Keras: does it automatically use multiple gpu, if availabe?

Created on 10 May 2015 · 13Comments · Source: keras-team/keras

In Theano, we have to munally fork the process: https://github.com/Theano/Theano/wiki/Using-Multiple-GPUs .

Is it possible to configure keras sequence using multiple gpu to train (one) model?

I am consodering this because I have multiple gpu's on a single machine.

Source

fyears

Most helpful comment

@fyears @fchollet I have the following code for data parallelism for Keras.
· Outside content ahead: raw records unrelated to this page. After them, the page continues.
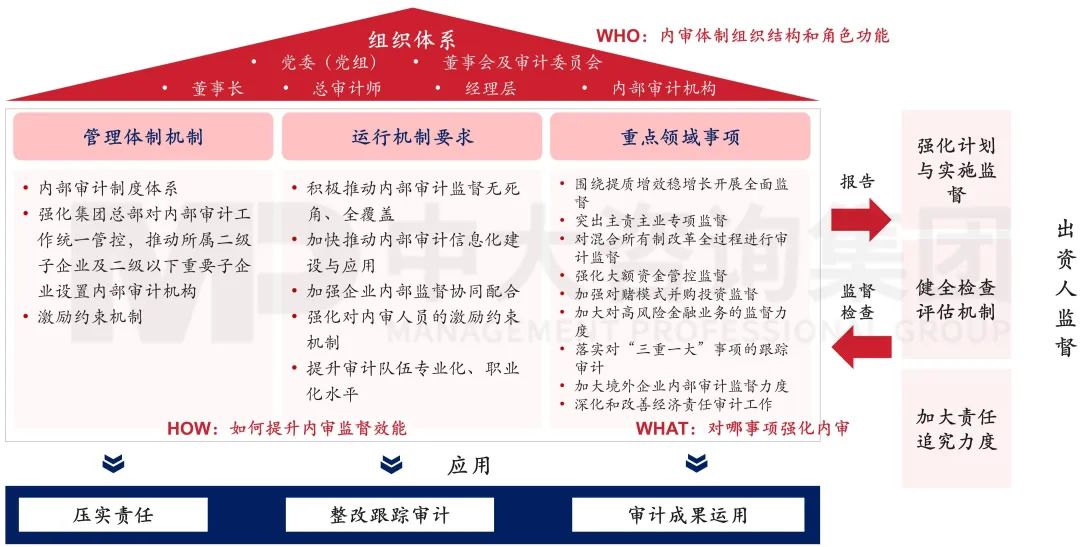 图17 深化中央企业内部审计监督工作重点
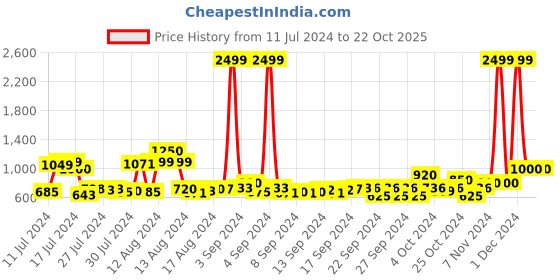 ajio.com t.eleven Women Pointed-Toe Chunky Heeled Shoes t.eleven Price History Graph from 11 Jul 2024 to 22 Oct 2025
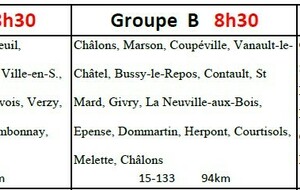 Parcours du 05 octobre 2025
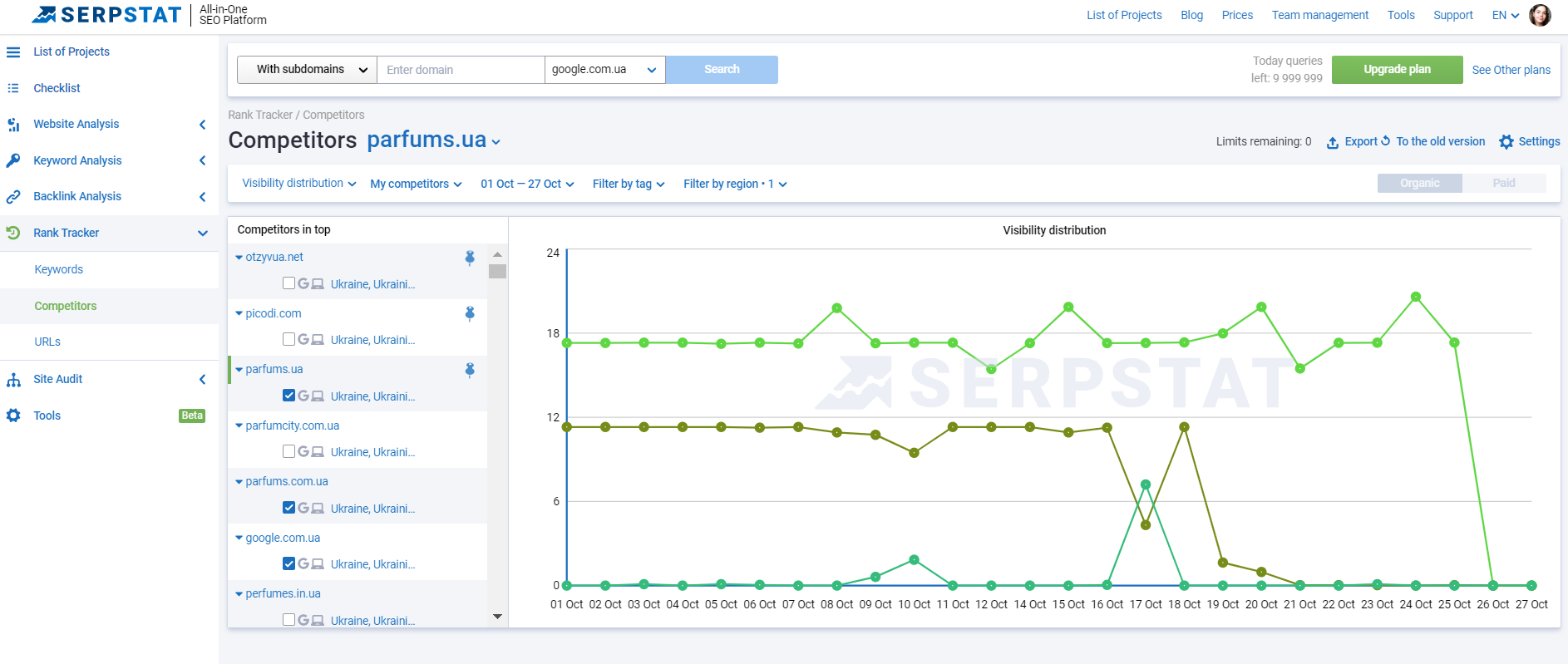 November von Serpstat: Website SEO Checker, Rank Tracker und weitere Verbesserungen 16261788377154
The idea is to manually synchronize the model (by averaging) from multiple GPUs after each training batch:

import warnings
import multiprocessing
import numpy as np
from datetime import datetime

# constant
NUM_GPU=4
NUM_EPOCH=100
MINI_BATCH=128

def train_model(gpu_id, data_queue, model_queue, num_epoch=NUM_EPOCH, num_batch=1):
    import theano.sandbox.cuda
    theano.sandbox.cuda.use(gpu_id)
    import theano
    import theano.tensor as T
    from keras.models import Sequential
    from keras.layers.convolutional import Convolution2D
    from demosaic_cnn import Crop2D, mean_absolute_error

    # define the model
    model=Sequential()
    # put your model definition here

    # compile the model
    model.compile(loss=mean_absolute_error, optimizer='RMSprop')

    # train the model
    best_loss=np.inf
    best_save='_'.join((gpu_id,datetime.now().strftime('%Y_%m_%d_%H_%M_%S.h5')))
    for epoch in range(num_epoch):
        print gpu_id,'@epoch',epoch
        for batch in range(num_batch):
            print gpu_id,'@batch',batch
            data=data_queue.get()
            loss=model.train_on_batch(data[0], data[1])
            # after a batch a data, synchronize the model
            model_weight=[layer.get_weights() for layer in model.layers]
            # we need to send NUM_GPU-1 copies out
            for i in range(1,NUM_GPU):
                model_queue[gpu_id].put(model_weight)
            for k in model_queue:
                if k==gpu_id:
                    continue
                # obtain the model from other GPU
                weight=model_queue[k].get()
                # sum it
                for l,w in enumerate(weight):
                    model_weight[l]=[w1+w2 for w1,w2 in zip(model_weight[l],w)]
            # average it
            for l,w in enumerate(model_weight):
                model.layers[l].set_weights([d/NUM_GPU for d in w])
        # after each epoch, try to save the current best model
        if best_loss>loss:
            model.save_weights(best_save, overwrite=True)
            best_loss=loss
    model_queue[gpu_id].close()

if __name__=='__main__':
    data=[]
    label=[]
    num_data=len(data)
    gpu_list=['gpu{}'.format(i) for i in range(NUM_GPU)]
    # for send the data
    data_queue=multiprocessing.Queue(20)
    # for synchronize the model, we create a queue for each model
    model_queue={gpu_id:multiprocessing.Queue(2) for gpu_id in gpu_list}
    threads=[multiprocessing.Process(target=train_model(gpu_id, data_queue, model_queue, num_batch=(num_data)/MINI_BATCH/NUM_GPU)) for gpu_id in gpu_list]
    for thread in threads:
        thread.start()
    for epoch in range(NUM_EPOCH):
        print 'data@epoch',epoch
        for start in range(0,num_data,MINI_BATCH):
            print 'data@batch',start/MINI_BATCH
            data_queue.put((data[start:(start+MINI_BATCH)],label[start:(start+MINI_BATCH)]))
    data_queue.close()
    for thread in threads:
        thread.join()

zhangtemplar on 16 Nov 2015

👍4

All 13 comments

This has never been tried with Keras.

It's not entirely clear what training a Keras model on multiple GPUs would imply. Would we do data parallelism? Model parallelism?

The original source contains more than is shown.